Arizona'da çölde gerçekleştirilen "Burning man" organizasyonunun hava görüntüsü. Her yıl geçici bir süre yaşayacak bir şehir inşa ediliyor. Şehirde belirli kurallar var. Para geçerli değil, su en önemli kaynak ve ayrıca çıplak gezebiliyorsunuz.
Bütün bu yaklaşımların hiçbiri yeni değil. Aslında 20. yüzyıl tasarımcıların çoğu taşınabilir mimarlık ve kentler üzerine çalışmalar yaptılar.
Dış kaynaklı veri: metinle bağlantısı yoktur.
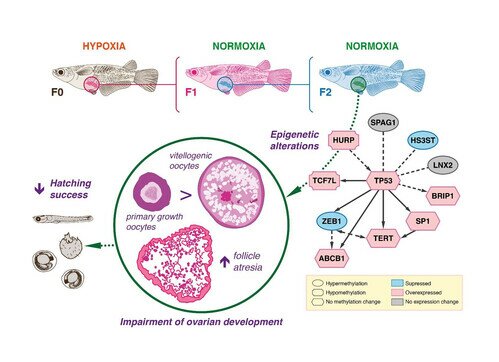 Hypoxia on marine life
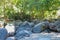 Dry river bed with huge boulders. Lush vegetation, bamboo and tropical jungle.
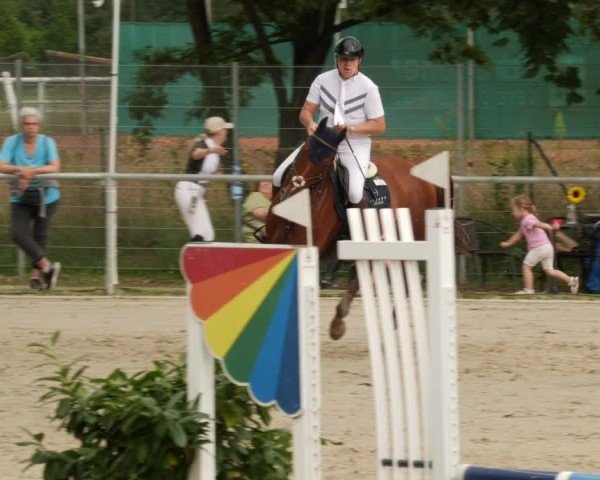 Reitturnier Mannheim-Friedrichsfeld 2024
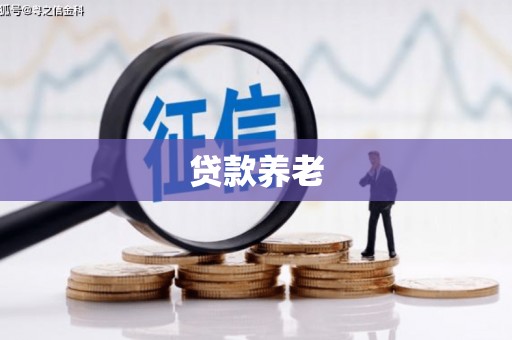 巩义贷款养老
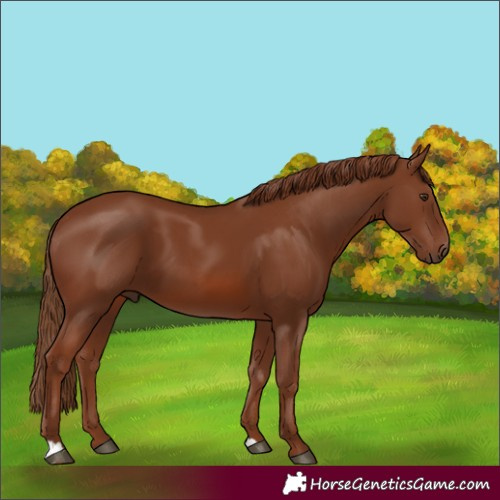 Horse Color:Unknown 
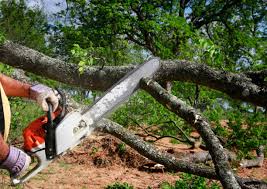 Soil Testing and Treatment in Muscle Shoals, AL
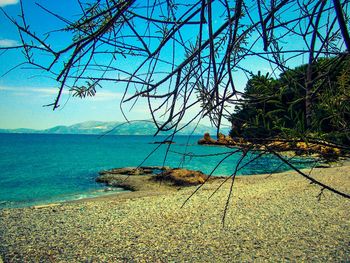 Scenic view of sea against blue sky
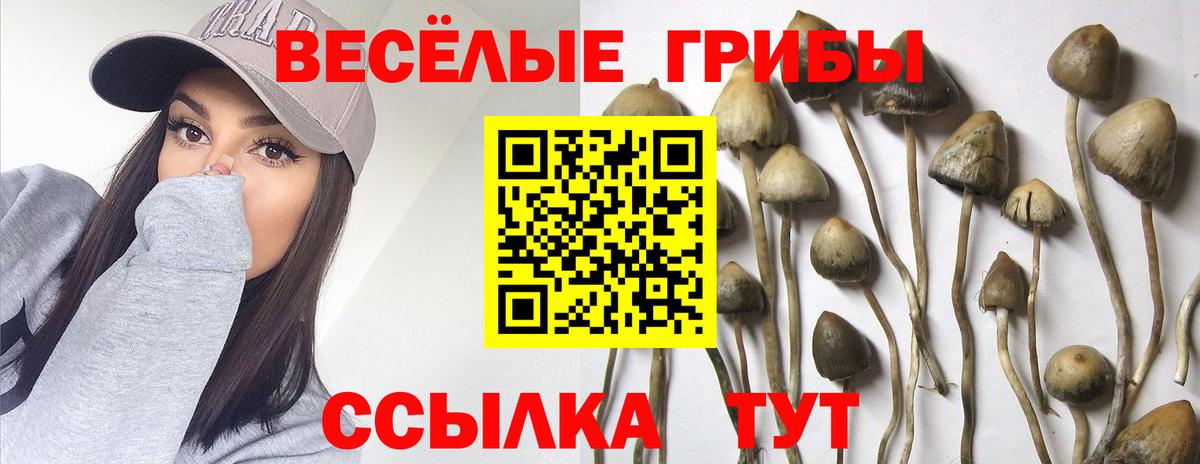 Псилоцибиновые грибы Magic Shrooms Кунгур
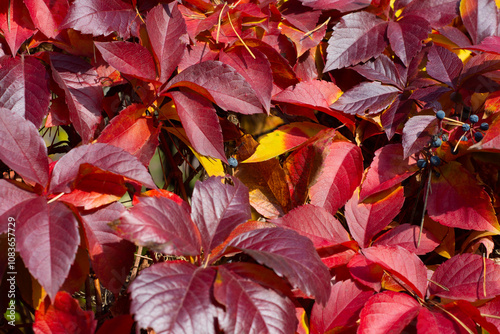 Obraz na płótnie Red leaves of wild grapes w salonie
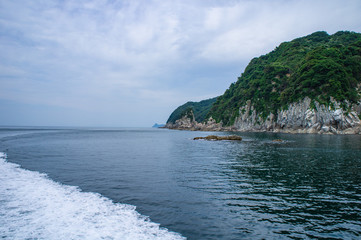 Fototapeta premium SONY DSC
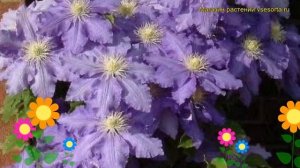 Клематис гибридный Лазурштерн. Краткий обзор, описание характеристик clematis Lasurstern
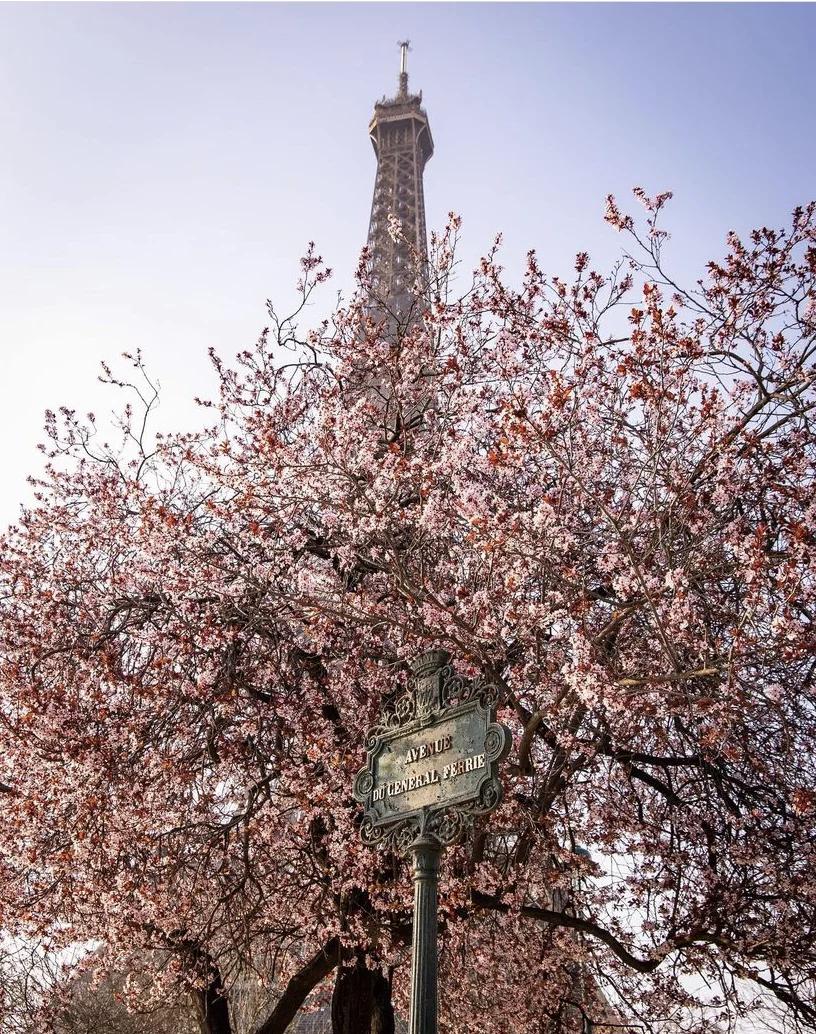 去巴黎的人一定要做好攻略,巴黎最全攻略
Fransa'da "pnömatik mimarlık" adında ütopyalar üreten bir grup ve daha önce bahsettiğim mimarlıkta yeni ve farklı alternatifler üretmeye çalışan, bir manifesto niteliğinde fikir üreten Yona Freidman ve Archigram.
Soldaki Resim: Amerika'da taşınabilir bir festival: Quarsite RV Fest
19. yüzyıldan 20. yüzyıla uzanan zaman, endüstri devrimi aracılığıyla, geleceği biçimlendirecek teknolojik atılımların ortaya çıktığı ve yepyeni düşünsel ufukların şekillendiği bir süreç olarak gelişti. Bu süreçte, çeşitli inişler ve çıkışlar da yaşadı, sarsıcı fikirler ortaya atıldı ve kırılma noktaları oluştu.
Teknolojik olanakların güçlü bir gelişim göstermesi, mekan algısını değiştiren "görelilik" kuramının ortaya çıkışı, farklı bir mekan öneren modern mimarlığın biçimlenmesini sağladı. Bütün bu kaygıları üstlenen mimarlık anlayışı, artık bir ucunda "muhafaza etme", diğer ucunda "yıkma" eylemi barındırıyor.